И были, конечно, аксессуары, сотни дивных драгоценностей – запонки и бриллиантовые перстни, галстучные зажимы и булавки и знаменитые сигарные гильотинки.

Впрочем, его главный деловой аксессуар, визитная карточка, был подчеркнуто лаконичным и ничего не говорил о вкусах и делах своего хозяина. Скромная надпись гласила: «Альфонс Габриэл Капоне, купля-продажа подержанной мебели».

Глава 2
Модернистки, «мальчишки», флапперы

После войны дышалось особенно легко.

Хотелось развлекаться. Танцевать, выпивать, шалить, ни о чем не думать. Хотелось позировать и вставать в позу, нарушать правила, возмущать моралистов.


Известная американская теннисистка Хелен Уиллс позирует в элегантной шляпке «клош»

Нью-Йорк, 1928 год.

Архив О. А. Хорошиловой


Черное, к примеру, называть белым. Черный джазовый Гарлем превратили в центр модной тусовки.

Съезжались туда в шикарных «турбо», шелестели шелковыми комплиментами, подмигивали бижутерией, гоготали жирными мехами. И, приняв дозу «нигро мьюзик», мчались на Пятую авеню или в Гринвич, в «Криллон» и «Кафе де Пари», в сумасшедшие клубы на крышах отелей под звонким зеркальным поднебесьем, и там купались в пене шампанского, аплодировали фейерверкам, трясли жемчужной бахромой бедер и атласными локонами дорогой укладки, обжимались с наполированными чернокожими, курили, глотали коктейли, разбрасывали себя на танцполе, растворялись в музыке. И ночь становилась днем.


Во время Первой мировой войны многие женщины встали за станки.

Эта барышня в простом рабочем халате трудится на оружейном заводе 1916–1917 годы.

Архив О. А. Хорошиловой


Годы перестали быть цифрами в личном деле. Они стали проклятьем времени. Все хотели быть молодыми. «Всем сделалось от роду двадцать шесть. Для тогдашней эпохи и места это был самый правильный возраст», – писала Гертруда Стайн. Двадцать шесть – уже не юность, но еще не молодость. Девственная красивость, граничащая с откровенной сексуальностью, протест – с вульгарностью.

Тогда все было на грани. Девушки гениально перевоплощались в мальчиков, оксфордские юноши, те самые, «яркие молодые штучки», примеряли французские платья с фижмами и седые парики сумасшедших марвейез. Люди двадцатых были половинчатыми. Легко меняли пол. Играли на грани. Пограничье было их местом жительства. «Яркие молодые штучки», «гарсонки» и флапперы, вся эта шумливая дурашливая золотая молодежь кривлялась и дергалась меж вонючих окопов и колючей проволоки, зажатая стальными торсами сверхчеловеков – героев Вердена и героев блицкрига.
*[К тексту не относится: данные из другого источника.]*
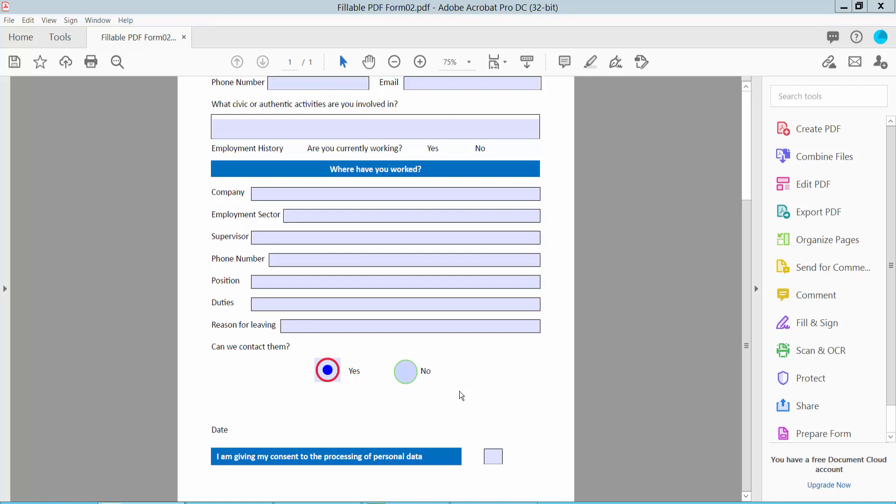Hello everyone, today I will show you how to add a date field in a fillable PDF form using Adobe Acrobat Pro DC.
Серебристый шлейф конфетти обозначил границу между Первой Великой и Второй мировыми. Мир длился всего двадцать лет. И за эти двадцать лет сформировалась новая женщина и новая красота.

Модернистки

Великая война в каком-то очень негуманном смысле была творцом. Одаренным и безумным. Она отнимала – не только лишнее, но и то, что в мирном, буржуазном обществе считали признаками красоты. Она отнимала, и калечила, и создавала невероятные по своей апокалипсической эстетике картины. Оскопленные башни замученных готических соборов в запекшейся бурой магме пожарищ. Немая от ужаса, седая от пепла «ничейная земля», черные остовы жилищ, лунные кратеры гигантских воронок, пустые глазницы войны. Застывшие в позе атаки, в атаке сраженные солдаты с окоченевшим оскалом на восковых лицах и мягко колышущимися волосами, страшными признаками недавно ушедшей жизни.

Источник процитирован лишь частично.